In other cases, the implant failure is simple wear and tear over time. If a defective device was implanted the first time, revision surgery is often required. The most critical factor in determining the outcome of a successful revision surgery is the condition of the bone tissue in the femur. Damaged and defective bone does not easily allow for a new prosthesis.
|A number of complications hasten the need for revision surgeries, including:|
|Loosening and deterioration||Infection|
Revision Surgery Procedure
The first step in revision surgery is to dislocate the hip. Then, surgeons will work to remove the components of the failed implant that are creating problems. The implant attached to the acetabulum, the cup-shaped cavity in the pelvis, is removed first. Any cement is cleared out, and then the socket area is cleaned and filled with bone particles. Then a new liner is pressed into the acetabulum. Surgeons may use screws to secure additional bone grafts in place.

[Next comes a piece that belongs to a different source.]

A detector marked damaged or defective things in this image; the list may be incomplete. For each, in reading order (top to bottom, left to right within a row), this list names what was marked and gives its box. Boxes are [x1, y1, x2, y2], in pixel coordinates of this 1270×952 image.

The more difficult part of the revision surgery comes when maneuvering the femur. Surgeons can remove a defective head and stem, as well as cement, using specialized extraction tools. They will add a new bone graft if the femur is defective. A new stem is then inserted into the femur, and the components are fitted together. Once the surgeon ensures the new implant moves freely, the surgical incisions are sewn shut.

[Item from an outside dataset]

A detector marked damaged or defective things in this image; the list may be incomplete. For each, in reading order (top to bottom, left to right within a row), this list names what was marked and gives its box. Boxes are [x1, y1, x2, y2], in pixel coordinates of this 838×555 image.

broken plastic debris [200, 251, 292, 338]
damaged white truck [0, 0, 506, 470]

Complications after Revision Surgery
The hope for most revision patients is that the surgery will correct the ongoing problems and pain. Often, this is not true. Many of the complications that led to the revision surgery are known to occur post-operatively as well, including the risk of fracture.

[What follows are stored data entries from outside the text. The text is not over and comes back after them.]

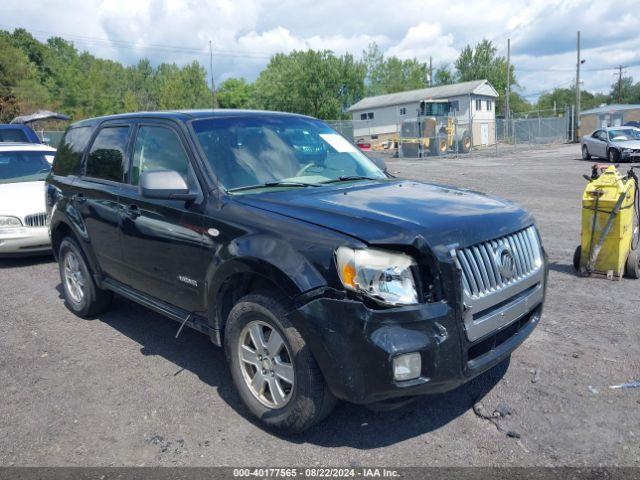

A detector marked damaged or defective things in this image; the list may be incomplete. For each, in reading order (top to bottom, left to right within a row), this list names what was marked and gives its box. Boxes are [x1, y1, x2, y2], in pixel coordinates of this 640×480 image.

crumpled hood [0, 180, 47, 221]
crumpled hood [235, 179, 536, 258]
damaged front bumper [288, 288, 544, 404]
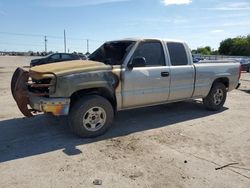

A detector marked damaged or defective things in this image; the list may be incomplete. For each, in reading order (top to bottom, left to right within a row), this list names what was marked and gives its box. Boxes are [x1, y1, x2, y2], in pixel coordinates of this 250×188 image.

burned front end [10, 67, 69, 117]
damaged front bumper [11, 67, 70, 117]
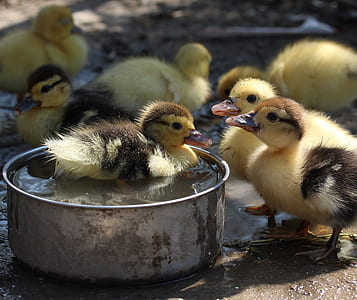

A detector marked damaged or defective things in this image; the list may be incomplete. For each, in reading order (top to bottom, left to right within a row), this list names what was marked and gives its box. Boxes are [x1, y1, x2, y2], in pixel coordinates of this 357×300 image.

rusty metal bowl [2, 146, 228, 284]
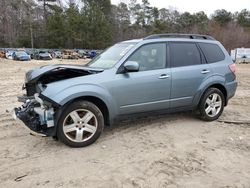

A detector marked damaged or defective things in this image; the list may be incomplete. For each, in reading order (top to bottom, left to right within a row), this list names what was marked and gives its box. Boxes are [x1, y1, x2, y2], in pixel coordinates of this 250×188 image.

crumpled hood [25, 64, 103, 83]
damaged suv [12, 33, 237, 147]
front-end collision damage [12, 93, 58, 137]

|A couple of revision surgery complications can be serious:|
|Thrombophlebitis — Also called Deep Vein Thrombosis (DVT), this is more likely to follow any hip, pelvic or knee surgery. DVT occurs when clots form in the large veins of the leg. If the clot breaks off, it can travel to the lungs or heart and cause a serious, and possibly deadly, embolism.|
|Myositis ossification — Sometimes the bone can grow around and encapsulate the hip joint, leading to stiffness, pain and limited motion in the joint. Some physicians recommend radiation treatments immediately following revision surgery to offset the chance for this problem.|
Revision Surgeries for Recalled Implants
Under normal circumstances, overall complications that lead to revision surgery can be physically and emotionally taxing for patients. For those who were implanted with devices that have been recalled or are under a federal watch, the toll can be greater.
Many of these patients are forced to undergo revision surgery within a few years of the initial surgery. For example, many patients who were implanted with the DePuy ASR XL Acetabular System total hip replacement or the ASR Hip Resurfacing System ended up under the knife again just a few years after the initial surgery. Researchers have found these two devices have higher-than-normal failure rates, can cause bone fractures near the implant site and can lead to metallosis.
Some patients who have had revision surgery to replace DePuy, Stryker, Zimmer or other faulty or recalled devices have even more complications. For example, the revision surgery makes patients more prone to infection.
In one case, a Texas woman needed to have the replacement DePuy hip removed and replaced with a temporary prosthesis so her hip infection could clear. She then required yet another surgery to have her permanent hip replacement implanted.
Faced with mounting medical bills and unending pain, more than 12,000 patients have filed lawsuits against hip implant manufacturers over their defective devices. In August 2012, DePuy settled the first three lawsuits over its ASR hip implants for $200,000 each. The first DePuy ASR trial began in January 2013.